A source said: “The police maintained their position that the soldiers who carried out the shooting aided the escape of the kidnap kingpin by cutting his handcuffs and setting him free.

“The army on its part also took exception to the decision of the police to release the video of Wadume’s confession on twitter while the panel had not concluded sitting.

“The panel members were also not okay with the confession video released by the police after the re-arrest of the kidnap suspect.

“The arguments of both the police and army reflected the initial positions they had taken before the panel was set up, though the evidence and submissions punctured some of their arguments.”

He added: “The police stuck to the line of argument that the shooting of the policemen was unwarranted after they had been subjected to series of identification processes at the checkpoints.
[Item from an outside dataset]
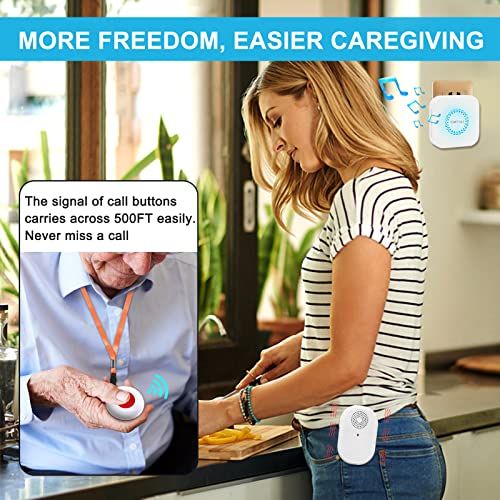 CallToU Wireless Caregiver Pager Waterproof Call Button Vibration Call Button for Elderly at Home Disabled Patient Elderly Monitoring Nurse Calling 2 SOS Call Buttons/Transmitters 500FT 2 Receivers - Image 2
“The police also wanted to be commended for re-arresting the suspect, which the panel agreed with but not the release of the video.

“To douse the tensions, the panel chairman insisted that what should be paramount was not the position taken by each party but the evidence being compiled by the panel to unravel the circumstances.” 

He said the panel members were also uncomfortable with “inaccurate and sometimes misleading reports in the media, some of which were publicised and did not reflect what was going on in the panel.”

 Another source said the panel would recommend disciplinary and punitive measures, including dismissal and court-martial in the case of indicted military personnel. 

THISDAY gathered that the panel was determined to ensure that appropriate sanctions were applied to culpable personnel involved in the shooting, especially with those who were turning the military institution into a merchandise.

On the inducement of both army and police personnel by Wadume, the source said the panel was determined to make recommendations that would ensure that security agencies were not turned to cheap, cash-and-carry institutions by criminal elements.”

He quoted the panel chairman as saying: “The military institution should not be turned to a criminal business enterprise by personnel and same for other agencies. Those who are not ready to do this work should look elsewhere. Those found culpable should face the wrath of the law and the innocent must be set free in spite of any unsubstantiated evidence out there.” 

Meanwhile, Chairman of the panel, Olaiya has instructed the secretariat of the committee to compile all submissions, interrogations, witness submissions and video evidence to his office for final compilation and submission within the week.